School districts all over the country are filing lawsuits, saying that social media companies are to blame for America’s youth mental health crisis, which is getting worse quickly, and that they should be held responsible. Last week, San Mateo County in northern California’s Silicon Valley filed a 107-page complaint in federal court, asserting that more youngsters than ever are experiencing mental health issues as a result of their excessive usage of digital platforms. The complaint is based on recent numbers from the Centers for Disease Control and Prevention that show that more and more high school students in the U.S. are showing signs of depression and having thoughts of killing themselves. In his recent State of the Union speech, President Biden said that social media companies use our children to make money. These platforms have put a lot of thought into making sure teens are safe and have put in place ways to keep underage users safe, like age-restricted features, parental controls, and professional resources.
Meta, which owns Instagram, provides age verification technology, reminders to take frequent breaks, and features that enable parents to set limits on how long their child spends on Instagram. Snapchat curates content from established producers and publishers, using human moderation to assess user created material before it reaches a wide audience. Research reveals that social media companies use the same neural circuitry as gambling and recreational drugs to encourage customers to utilize their products as much as possible. On Tuesday, Bucks County officials filed a lawsuit against social media corporations, alleging that algorithms that encourage youth to “keep looking, keep focused, and keep scrolling” have an adverse effect on children’s mental health. The 109-page lawsuit shows how mental health problems are getting worse and says that these problems have “progressed in lockstep with the growth of social media platforms intentionally designed to attract and addict youth to these platforms by amplifying harmful content, giving users dopamine hits, and ultimately driving youth engagement and advertising revenue.” In northern New Jersey, the School District of the Chathams has set aside resources to help kids who are struggling with anxiety, depression, and thoughts of suicide.

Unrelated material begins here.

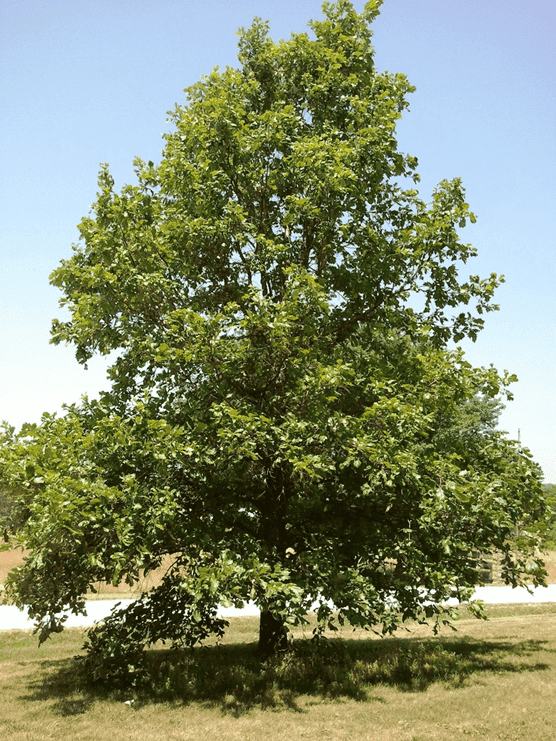 1824′ Swamp White Oak Green County WI Land & Water Conservation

Irvington Public Schools filed a similar case, and Richard Weissbourd, a psychologist and senior lecturer at Harvard’s Graduate School of Education, believes parents, coaches, and others need to become better at talking to adolescents about the advantages and potential hazards associated with social media use. Marisol Garcia, a staff therapist at Northwestern University’s Family Center, thinks legal action may be beneficial but is uncertain about its long-term effects.